Geometry and mechanics of teleost gastrulation and the formation of primary embryonic axes.

Examination of normal shaping dynamics and immediate and long-term responses to blastoderm cutting in zebrafish and loach embryos prior to the onset of gastrulation and during the course of epiboly revealed that anteroposterior (AP) and dorsoventral (DV) polarity formation is connected with shaping of the blastoderm circumferential region, which stretches along and shrinks across its movement axes and originates the non-isotropic fields of tensile stresses. Based on data from cutting experiments and quantitative morphology, we reconstructed the movement-shaping patterns of epiboly and embryonic shield formation. We revealed that AP and DV axes originate as a mass cell movement subject to the movement-shaping equivalence principle, which means the spatial series of differently shaped areas corresponding to the time succession of the same area shaping. Maintenance of the main body axes in orthogonal orientation depends on the mechanical equilibrium principle allowing for converting shape asymmetry into that of tensile stresses and vice versa. The causal relationship between the main movement-shaping axes and that of embryonic polarity was proved in cutting experiments in which the DV axis direction was subject to rearrangement so as to adjust to the new direction of mass cell movement axes induced by healing the wound in the blastoderm circumferential region.

The dynamic geometry of mass cell movements in animal morphogenesis.
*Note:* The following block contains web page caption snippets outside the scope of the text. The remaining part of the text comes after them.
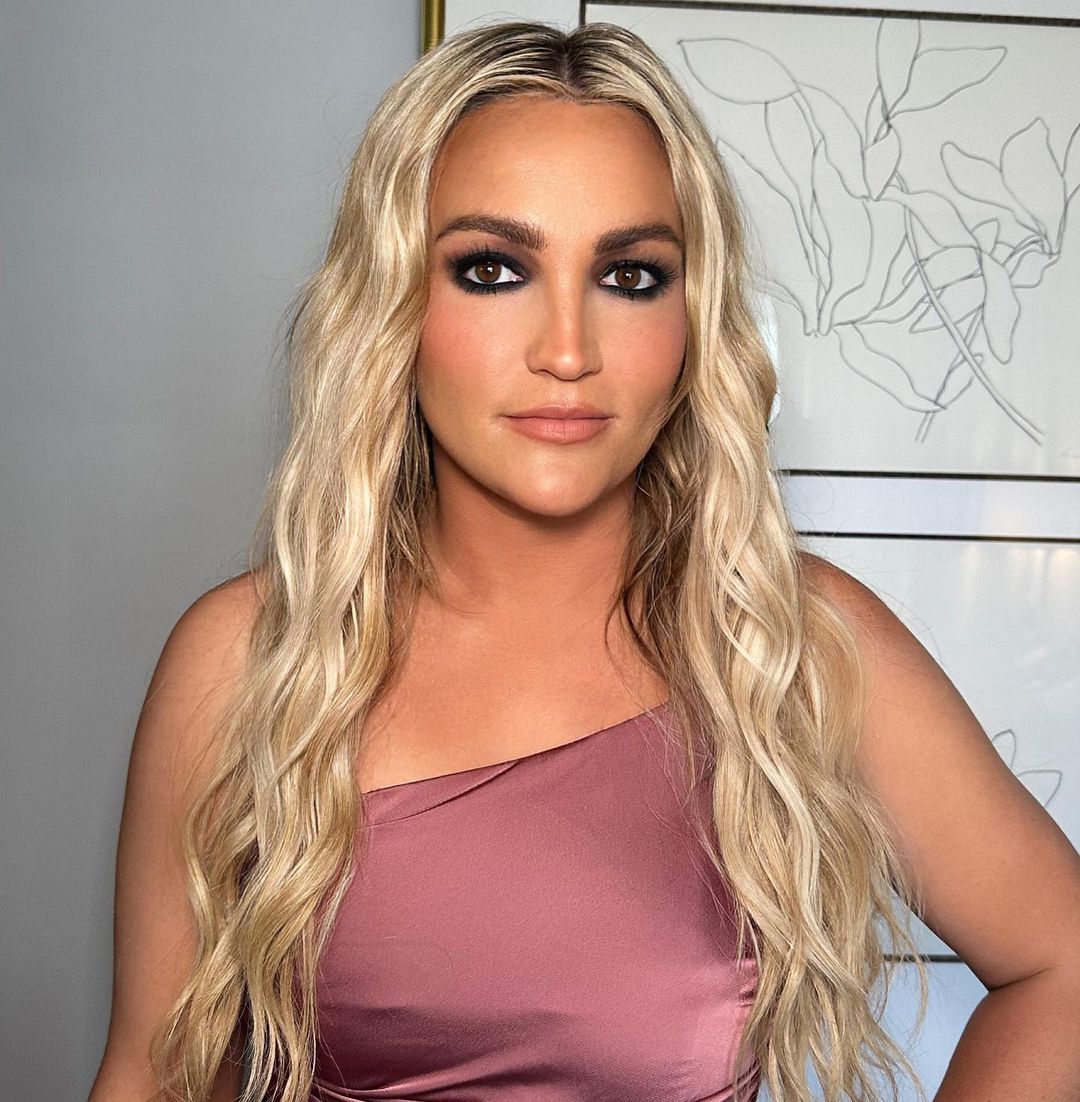 Jamie Lynn Spears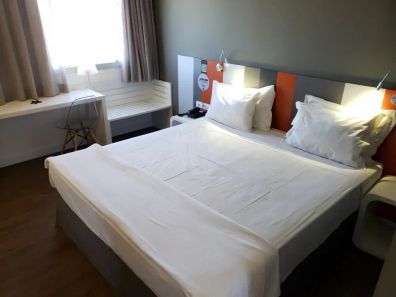 Apartamento com 1 Quarto à venda, 20m² no Ribeirânia, Ribeirão Preto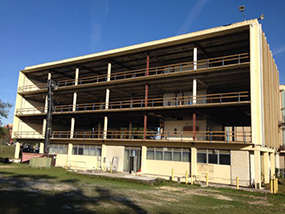 Drake Construction Services, Holland Drake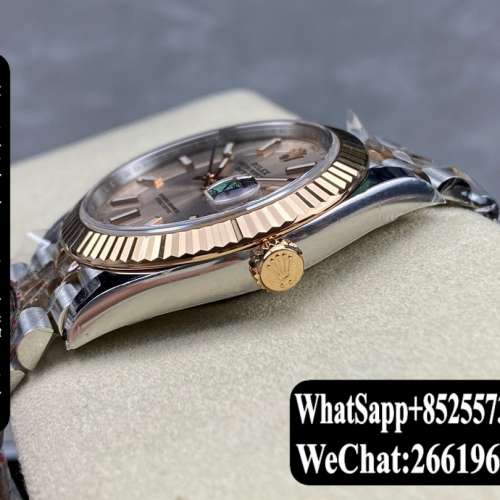 Rolex 勞力士 datejust m126331-0010 40mm 日志型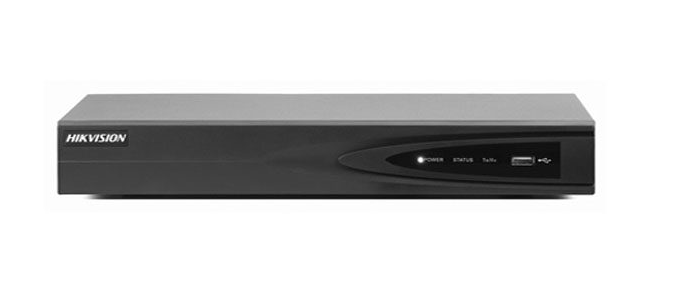 Trọn Bộ 07 Camera IP Hikvision 2MP Có Màu Ban Đêm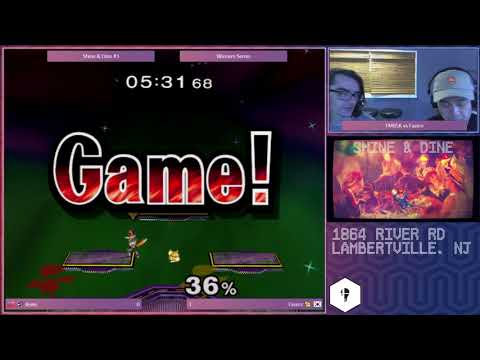 Shine & Dine #3 - FMB5K vs Fazers - Winners Semis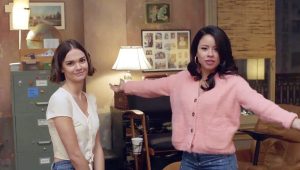 Exclusive Good Trouble Set Tour with Maia Mitchell & Cierra Ramirez – Behind-the-Scenes Featurette in HD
There is an infinite number of interactions between morphogenetic processes of different time and space scales. How do these unfold in a regular series of mass morphogenetic movements to produce a basically simple and reproducible structure? I present a new morphogenetic concept -- the spatial unfolding (SU) of cell movements, whose definition rests on the correspondence between the continuous spatial series of cell shapes and the succession of changes in the shape of a single cell moving in an epithelial sheet whose shape is also subject to change. The change in the shape of moving cells is the only measure of their translocation both in space and time. The SU provides a morpho-dynamics description of mass cell movements which is completely independent of both an external coordinate system and external forces. The cell geometry of SU allows us to derive the future embryonic form from the actual one by a movement-shaping algorithm operating on the basis of positive and negative geometric feedbacks between the cell movement in the epithelial sheet plane and the epithelial sheet shaping, the feedback system providing a geometric alternative to Turing's self-organization via reaction-diffusion systems. Putting together histological, quantitative morphological and experimental data permits us to isolate four SU, each acting in morphogenesis as an irreducible whole, which seem to include all real examples of epithelial morphogenesis in multicellular animals, from Coelenterates to Chordates.